WORK REQUEST: Starting at the line that contains "An early George" and ending at the line that contains "Индийская вязаная футболка-поло", the lines below are to be given again exactly, with nothing added.

(INFORMATION PROVIDED)

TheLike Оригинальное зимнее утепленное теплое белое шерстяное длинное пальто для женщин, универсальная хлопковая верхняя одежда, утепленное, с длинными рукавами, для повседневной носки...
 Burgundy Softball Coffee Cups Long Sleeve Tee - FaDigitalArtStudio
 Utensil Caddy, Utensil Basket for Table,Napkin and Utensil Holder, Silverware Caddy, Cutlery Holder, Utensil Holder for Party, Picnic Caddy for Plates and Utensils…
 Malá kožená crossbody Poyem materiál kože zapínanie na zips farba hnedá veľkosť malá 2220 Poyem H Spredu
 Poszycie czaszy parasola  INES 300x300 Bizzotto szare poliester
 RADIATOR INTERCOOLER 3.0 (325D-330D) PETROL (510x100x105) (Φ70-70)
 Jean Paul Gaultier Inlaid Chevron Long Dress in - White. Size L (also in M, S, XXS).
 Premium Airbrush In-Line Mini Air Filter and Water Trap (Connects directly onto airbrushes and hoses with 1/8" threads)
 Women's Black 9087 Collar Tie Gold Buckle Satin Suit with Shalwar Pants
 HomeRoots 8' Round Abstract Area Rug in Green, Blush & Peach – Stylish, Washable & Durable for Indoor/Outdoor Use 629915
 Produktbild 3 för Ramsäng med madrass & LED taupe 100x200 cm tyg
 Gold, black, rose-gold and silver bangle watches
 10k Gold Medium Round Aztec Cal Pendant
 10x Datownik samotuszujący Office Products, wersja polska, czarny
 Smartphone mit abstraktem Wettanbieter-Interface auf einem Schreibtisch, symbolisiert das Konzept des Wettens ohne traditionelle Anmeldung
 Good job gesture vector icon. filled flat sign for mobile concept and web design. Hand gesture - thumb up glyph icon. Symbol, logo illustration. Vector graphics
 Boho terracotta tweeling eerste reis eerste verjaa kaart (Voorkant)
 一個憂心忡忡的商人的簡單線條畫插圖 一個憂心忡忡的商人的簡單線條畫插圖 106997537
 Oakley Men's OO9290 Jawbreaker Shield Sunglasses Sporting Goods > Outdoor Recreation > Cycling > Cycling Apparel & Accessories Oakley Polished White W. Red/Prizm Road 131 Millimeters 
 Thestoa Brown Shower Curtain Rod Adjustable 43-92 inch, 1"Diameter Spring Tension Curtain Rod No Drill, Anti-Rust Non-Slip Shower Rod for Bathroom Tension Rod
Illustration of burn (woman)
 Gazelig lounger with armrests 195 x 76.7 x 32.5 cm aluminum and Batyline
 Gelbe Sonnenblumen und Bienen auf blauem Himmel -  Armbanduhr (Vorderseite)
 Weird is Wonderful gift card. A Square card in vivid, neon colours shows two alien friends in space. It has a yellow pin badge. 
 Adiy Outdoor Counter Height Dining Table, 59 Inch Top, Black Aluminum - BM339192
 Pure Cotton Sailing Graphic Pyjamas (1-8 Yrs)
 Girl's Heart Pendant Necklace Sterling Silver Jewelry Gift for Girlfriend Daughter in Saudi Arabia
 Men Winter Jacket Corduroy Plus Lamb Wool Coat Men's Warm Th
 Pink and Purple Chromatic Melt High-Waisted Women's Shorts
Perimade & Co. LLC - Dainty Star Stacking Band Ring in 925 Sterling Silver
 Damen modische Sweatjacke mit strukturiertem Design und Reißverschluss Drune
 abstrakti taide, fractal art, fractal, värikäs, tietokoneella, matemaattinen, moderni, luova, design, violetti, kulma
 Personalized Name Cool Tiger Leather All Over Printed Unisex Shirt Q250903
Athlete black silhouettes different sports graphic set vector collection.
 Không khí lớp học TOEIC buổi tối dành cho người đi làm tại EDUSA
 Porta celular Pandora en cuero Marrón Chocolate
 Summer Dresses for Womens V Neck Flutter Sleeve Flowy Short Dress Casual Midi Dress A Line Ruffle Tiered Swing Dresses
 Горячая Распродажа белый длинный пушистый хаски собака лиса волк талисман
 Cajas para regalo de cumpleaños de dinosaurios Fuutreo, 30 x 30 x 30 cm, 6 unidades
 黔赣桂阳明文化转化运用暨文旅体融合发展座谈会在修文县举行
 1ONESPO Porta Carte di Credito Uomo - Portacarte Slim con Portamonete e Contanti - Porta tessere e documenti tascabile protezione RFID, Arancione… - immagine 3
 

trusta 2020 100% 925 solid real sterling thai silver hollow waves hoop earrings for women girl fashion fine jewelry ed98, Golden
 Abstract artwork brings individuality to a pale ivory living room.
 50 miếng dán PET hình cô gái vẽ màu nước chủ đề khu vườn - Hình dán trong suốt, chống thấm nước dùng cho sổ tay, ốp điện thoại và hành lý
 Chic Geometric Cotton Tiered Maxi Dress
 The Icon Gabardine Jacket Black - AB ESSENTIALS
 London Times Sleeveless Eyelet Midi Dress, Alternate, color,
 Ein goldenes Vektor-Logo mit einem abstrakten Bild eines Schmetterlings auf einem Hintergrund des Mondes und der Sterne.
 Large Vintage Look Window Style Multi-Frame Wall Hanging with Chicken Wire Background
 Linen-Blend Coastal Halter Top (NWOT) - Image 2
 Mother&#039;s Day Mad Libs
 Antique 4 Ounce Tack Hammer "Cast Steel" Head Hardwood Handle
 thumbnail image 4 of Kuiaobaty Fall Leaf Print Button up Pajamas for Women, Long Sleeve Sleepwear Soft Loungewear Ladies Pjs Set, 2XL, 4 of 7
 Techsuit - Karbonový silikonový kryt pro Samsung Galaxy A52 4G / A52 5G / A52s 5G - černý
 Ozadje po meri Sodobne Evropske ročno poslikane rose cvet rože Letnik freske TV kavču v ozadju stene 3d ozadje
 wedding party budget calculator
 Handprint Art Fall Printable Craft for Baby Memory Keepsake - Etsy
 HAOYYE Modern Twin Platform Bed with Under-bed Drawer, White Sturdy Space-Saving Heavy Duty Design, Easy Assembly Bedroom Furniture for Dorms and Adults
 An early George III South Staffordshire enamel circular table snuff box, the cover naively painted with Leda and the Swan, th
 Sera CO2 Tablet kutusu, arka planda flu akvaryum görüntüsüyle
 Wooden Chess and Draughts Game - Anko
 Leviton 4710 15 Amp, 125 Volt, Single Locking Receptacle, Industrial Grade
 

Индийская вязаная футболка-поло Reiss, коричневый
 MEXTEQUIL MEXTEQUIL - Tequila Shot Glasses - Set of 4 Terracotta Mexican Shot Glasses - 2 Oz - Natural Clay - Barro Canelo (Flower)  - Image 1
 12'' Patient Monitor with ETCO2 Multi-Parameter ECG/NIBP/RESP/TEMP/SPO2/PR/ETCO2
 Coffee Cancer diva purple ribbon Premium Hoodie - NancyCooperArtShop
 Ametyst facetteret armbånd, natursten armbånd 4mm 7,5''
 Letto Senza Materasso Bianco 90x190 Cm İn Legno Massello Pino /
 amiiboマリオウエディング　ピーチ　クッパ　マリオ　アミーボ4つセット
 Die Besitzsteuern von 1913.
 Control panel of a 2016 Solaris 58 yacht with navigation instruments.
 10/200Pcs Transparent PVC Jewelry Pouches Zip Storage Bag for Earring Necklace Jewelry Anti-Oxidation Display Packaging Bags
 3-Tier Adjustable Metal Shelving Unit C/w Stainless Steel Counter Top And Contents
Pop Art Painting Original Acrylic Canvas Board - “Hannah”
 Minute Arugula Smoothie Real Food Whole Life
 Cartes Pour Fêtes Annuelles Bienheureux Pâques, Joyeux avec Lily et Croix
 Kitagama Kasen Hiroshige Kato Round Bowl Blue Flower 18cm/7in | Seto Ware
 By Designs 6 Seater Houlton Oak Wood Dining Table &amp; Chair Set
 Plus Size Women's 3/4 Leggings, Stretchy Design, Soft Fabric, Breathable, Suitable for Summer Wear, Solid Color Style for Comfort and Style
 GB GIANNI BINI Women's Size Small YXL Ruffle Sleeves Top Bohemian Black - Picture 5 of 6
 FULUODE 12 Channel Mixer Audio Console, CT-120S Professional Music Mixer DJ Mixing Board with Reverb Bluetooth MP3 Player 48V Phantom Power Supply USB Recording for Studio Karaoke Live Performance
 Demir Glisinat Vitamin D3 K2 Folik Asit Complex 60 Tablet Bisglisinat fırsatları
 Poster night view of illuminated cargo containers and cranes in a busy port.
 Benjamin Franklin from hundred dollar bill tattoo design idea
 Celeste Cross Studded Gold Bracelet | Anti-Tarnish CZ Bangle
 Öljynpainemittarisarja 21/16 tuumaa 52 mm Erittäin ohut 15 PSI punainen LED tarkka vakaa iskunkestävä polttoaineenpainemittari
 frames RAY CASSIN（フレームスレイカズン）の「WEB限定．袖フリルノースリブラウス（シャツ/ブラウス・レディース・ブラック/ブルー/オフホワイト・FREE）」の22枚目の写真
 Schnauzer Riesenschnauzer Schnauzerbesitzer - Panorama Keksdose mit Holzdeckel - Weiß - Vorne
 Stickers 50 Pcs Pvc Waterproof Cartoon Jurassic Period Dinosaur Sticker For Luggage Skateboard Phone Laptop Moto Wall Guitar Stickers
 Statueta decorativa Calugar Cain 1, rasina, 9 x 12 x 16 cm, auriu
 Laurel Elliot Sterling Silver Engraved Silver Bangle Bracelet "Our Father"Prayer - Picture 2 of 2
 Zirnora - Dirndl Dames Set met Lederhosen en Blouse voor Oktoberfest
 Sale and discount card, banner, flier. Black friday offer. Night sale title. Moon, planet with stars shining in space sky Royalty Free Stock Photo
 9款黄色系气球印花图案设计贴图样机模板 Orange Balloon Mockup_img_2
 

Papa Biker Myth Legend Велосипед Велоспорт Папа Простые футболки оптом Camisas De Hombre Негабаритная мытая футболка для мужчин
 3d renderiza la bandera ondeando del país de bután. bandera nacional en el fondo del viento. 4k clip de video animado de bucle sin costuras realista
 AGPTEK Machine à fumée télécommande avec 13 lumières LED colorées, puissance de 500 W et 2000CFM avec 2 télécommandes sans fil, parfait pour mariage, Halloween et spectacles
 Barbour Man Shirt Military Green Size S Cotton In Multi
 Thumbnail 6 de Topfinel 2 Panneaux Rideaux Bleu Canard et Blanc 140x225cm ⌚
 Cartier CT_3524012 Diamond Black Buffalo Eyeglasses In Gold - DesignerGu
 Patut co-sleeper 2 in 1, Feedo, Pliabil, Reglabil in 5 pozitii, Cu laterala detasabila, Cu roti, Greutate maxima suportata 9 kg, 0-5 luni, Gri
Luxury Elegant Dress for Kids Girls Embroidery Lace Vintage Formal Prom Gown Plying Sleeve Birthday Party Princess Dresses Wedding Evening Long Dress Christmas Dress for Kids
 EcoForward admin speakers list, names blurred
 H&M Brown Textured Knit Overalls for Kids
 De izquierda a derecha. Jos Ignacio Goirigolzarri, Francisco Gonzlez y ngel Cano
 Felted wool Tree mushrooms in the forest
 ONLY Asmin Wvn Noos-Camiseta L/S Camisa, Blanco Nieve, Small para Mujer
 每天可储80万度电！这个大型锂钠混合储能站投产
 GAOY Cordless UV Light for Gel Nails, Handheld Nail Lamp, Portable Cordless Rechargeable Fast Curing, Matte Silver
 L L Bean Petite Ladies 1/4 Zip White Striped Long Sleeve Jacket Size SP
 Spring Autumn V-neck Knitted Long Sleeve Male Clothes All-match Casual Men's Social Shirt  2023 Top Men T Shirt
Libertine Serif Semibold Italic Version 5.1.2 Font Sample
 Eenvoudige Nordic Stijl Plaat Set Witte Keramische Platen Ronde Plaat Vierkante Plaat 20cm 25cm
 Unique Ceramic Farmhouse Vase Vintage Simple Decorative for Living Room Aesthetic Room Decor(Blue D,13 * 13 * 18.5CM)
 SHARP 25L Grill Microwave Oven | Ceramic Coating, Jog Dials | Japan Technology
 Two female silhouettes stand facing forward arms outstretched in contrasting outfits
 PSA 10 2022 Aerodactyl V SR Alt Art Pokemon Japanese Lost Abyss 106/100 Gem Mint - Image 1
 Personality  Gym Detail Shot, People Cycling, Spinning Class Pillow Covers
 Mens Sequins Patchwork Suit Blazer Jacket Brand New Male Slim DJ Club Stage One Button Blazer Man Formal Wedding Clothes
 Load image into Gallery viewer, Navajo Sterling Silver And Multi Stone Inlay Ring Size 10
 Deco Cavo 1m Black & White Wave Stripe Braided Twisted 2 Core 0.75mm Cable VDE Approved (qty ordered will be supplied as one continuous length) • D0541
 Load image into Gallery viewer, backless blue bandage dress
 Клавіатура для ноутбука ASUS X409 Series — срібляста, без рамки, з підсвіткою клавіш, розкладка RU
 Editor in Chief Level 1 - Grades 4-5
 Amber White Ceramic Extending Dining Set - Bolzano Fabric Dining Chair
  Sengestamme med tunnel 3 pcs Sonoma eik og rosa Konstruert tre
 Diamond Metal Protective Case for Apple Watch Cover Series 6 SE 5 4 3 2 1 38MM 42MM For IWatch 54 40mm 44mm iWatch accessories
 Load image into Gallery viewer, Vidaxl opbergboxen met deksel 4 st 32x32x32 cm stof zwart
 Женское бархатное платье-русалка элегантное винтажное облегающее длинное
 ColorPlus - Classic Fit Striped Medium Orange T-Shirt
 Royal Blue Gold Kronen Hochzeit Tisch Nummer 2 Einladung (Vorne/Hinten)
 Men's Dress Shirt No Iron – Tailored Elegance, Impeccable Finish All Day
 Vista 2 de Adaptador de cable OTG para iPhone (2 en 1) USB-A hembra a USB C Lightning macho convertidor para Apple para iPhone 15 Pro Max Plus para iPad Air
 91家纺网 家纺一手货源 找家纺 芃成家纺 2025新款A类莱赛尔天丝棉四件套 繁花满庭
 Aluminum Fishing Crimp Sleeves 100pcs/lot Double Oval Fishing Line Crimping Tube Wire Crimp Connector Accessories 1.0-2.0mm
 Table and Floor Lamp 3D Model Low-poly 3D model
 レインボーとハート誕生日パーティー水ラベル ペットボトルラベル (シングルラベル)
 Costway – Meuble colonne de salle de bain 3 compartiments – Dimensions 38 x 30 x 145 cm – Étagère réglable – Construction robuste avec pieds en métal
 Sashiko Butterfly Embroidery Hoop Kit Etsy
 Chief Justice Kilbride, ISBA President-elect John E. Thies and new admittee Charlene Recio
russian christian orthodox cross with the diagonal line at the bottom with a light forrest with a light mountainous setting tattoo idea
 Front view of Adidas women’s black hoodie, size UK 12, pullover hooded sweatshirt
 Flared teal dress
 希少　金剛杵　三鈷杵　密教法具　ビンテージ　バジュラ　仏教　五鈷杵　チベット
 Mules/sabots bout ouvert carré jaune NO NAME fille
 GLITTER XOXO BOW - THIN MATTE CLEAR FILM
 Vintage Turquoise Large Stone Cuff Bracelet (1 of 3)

(End INFORMATION PROVIDED)

THE COMPLETED TASK:
 An early George III South Staffordshire enamel circular table snuff box, the cover naively painted with Leda and the Swan, th
 Sera CO2 Tablet kutusu, arka planda flu akvaryum görüntüsüyle
 Wooden Chess and Draughts Game - Anko
 Leviton 4710 15 Amp, 125 Volt, Single Locking Receptacle, Industrial Grade
 

Индийская вязаная футболка-поло Reiss, коричневый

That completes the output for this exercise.